**Exercise brief**: Skip the pictures, please, and write out exactly the lines from the opening of the data through the line containing "Preview: Color samples".

**Given records**:
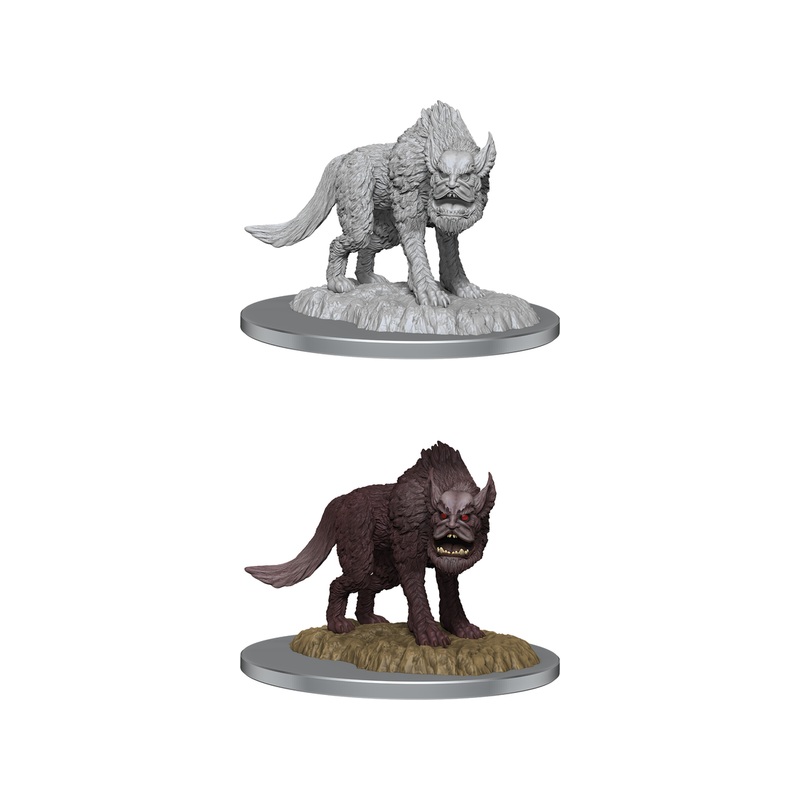 Wizkids - Dungeons and Dragons - Unpainted Miniature - Nolzurs Marvellous Miniatures - Yeth Hounds - 90529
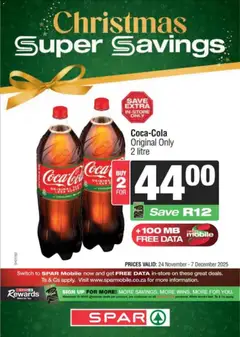 Spar specials catalogue – valid from 24.11.2025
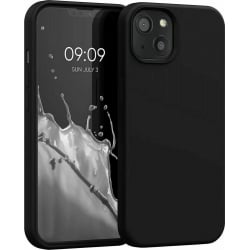 Θήκη iPhone 13 Σιλικόνης Μαύρη Slim Fit Liquid Silicone Case Black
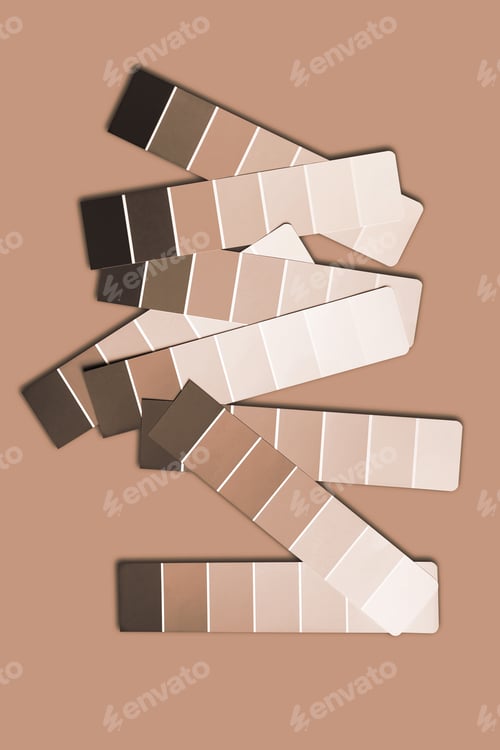 Preview: Color samples palette design catalog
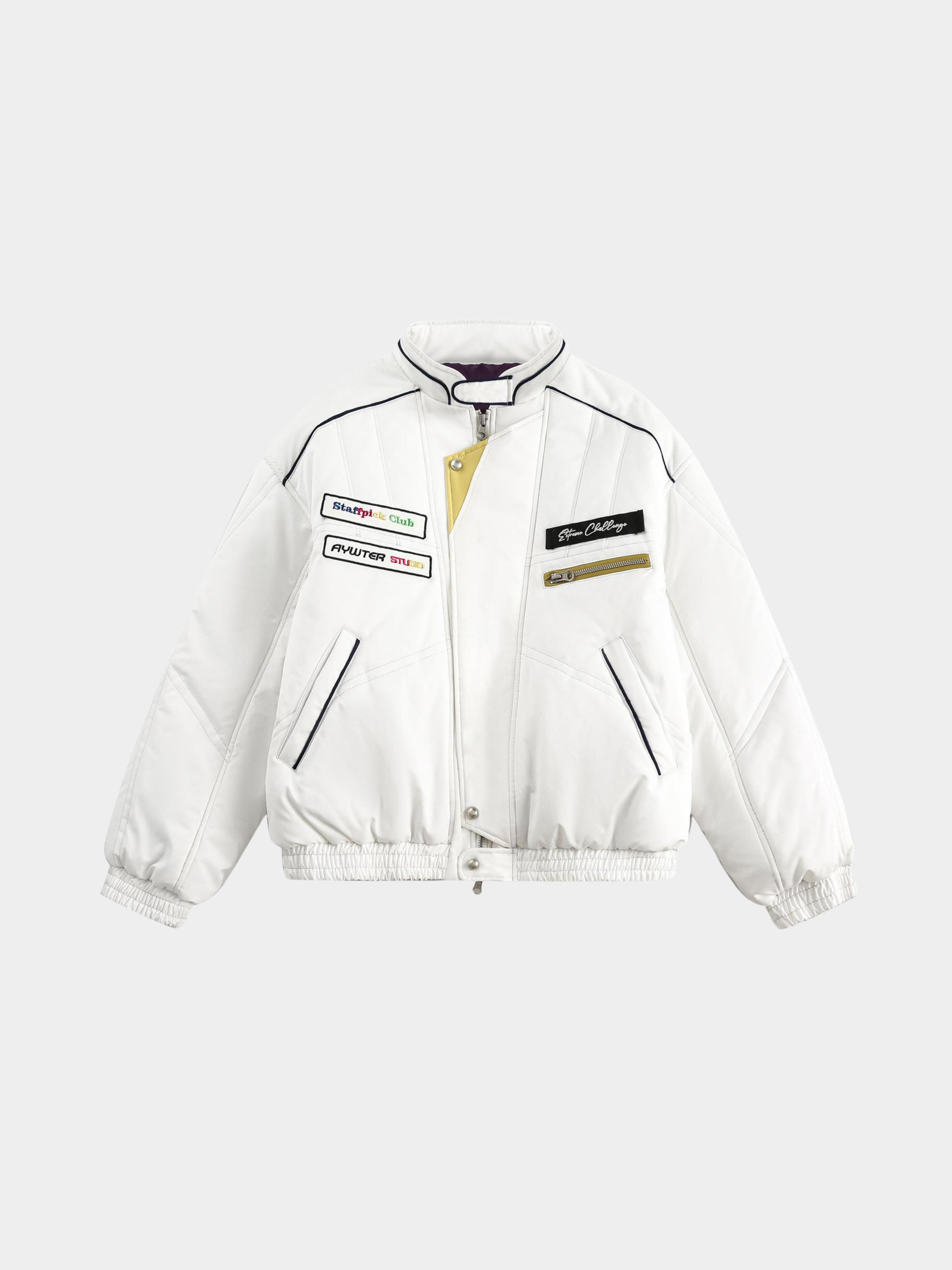 CanyonBoard - Women's Retro Badge Racer-Inspired Padded Jacket GONGGAR SPORTS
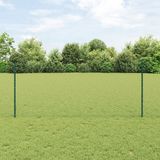 vidaXL Zeshoekig gaashek met palen 10 x 1 m PVC-coated staal groen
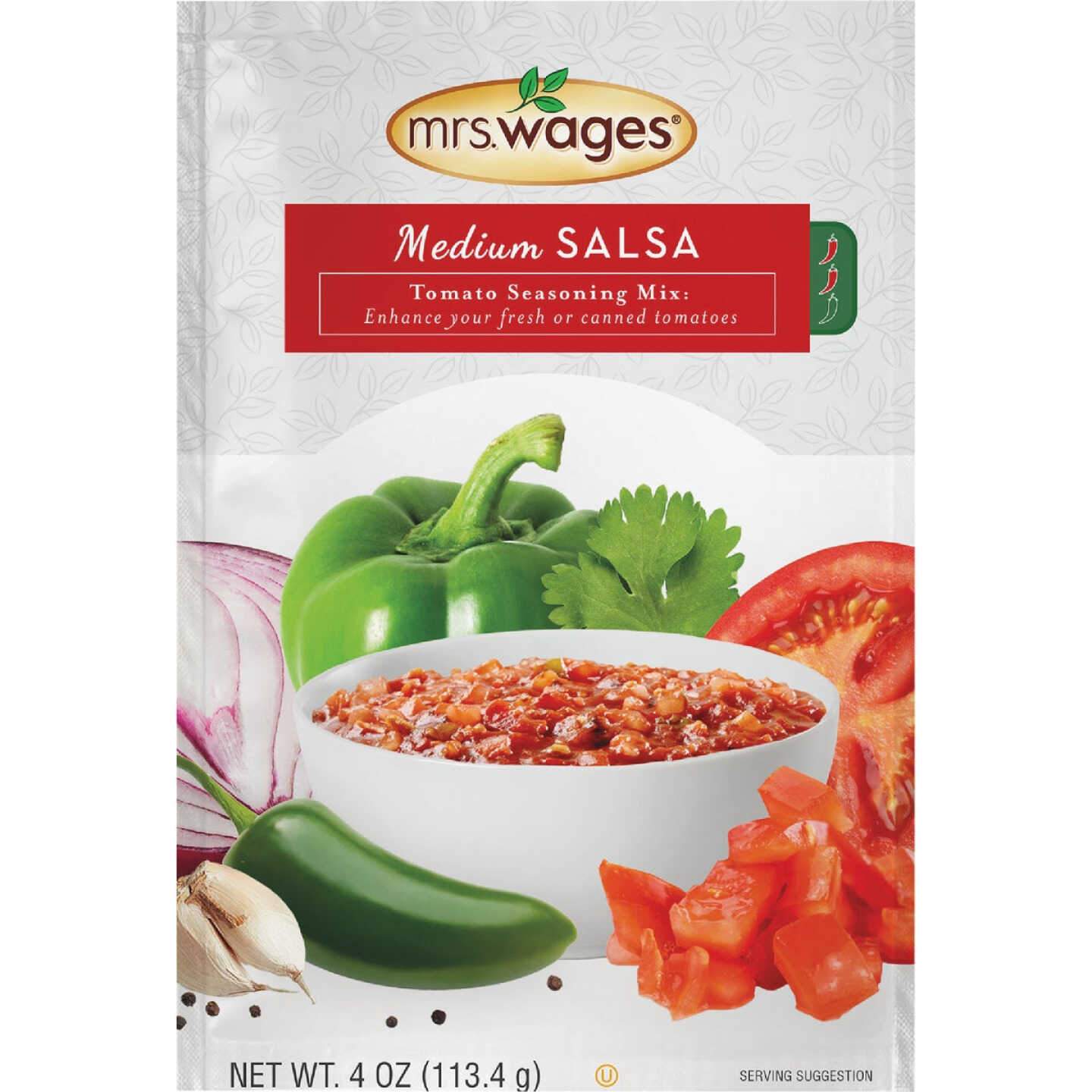 Mrs. Wages 4 Oz. Medium Salsa Tomato Mix Image 1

**Reply**:
 Wizkids - Dungeons and Dragons - Unpainted Miniature - Nolzurs Marvellous Miniatures - Yeth Hounds - 90529
 Spar specials catalogue – valid from 24.11.2025
 Θήκη iPhone 13 Σιλικόνης Μαύρη Slim Fit Liquid Silicone Case Black
 Preview: Color samples palette design catalog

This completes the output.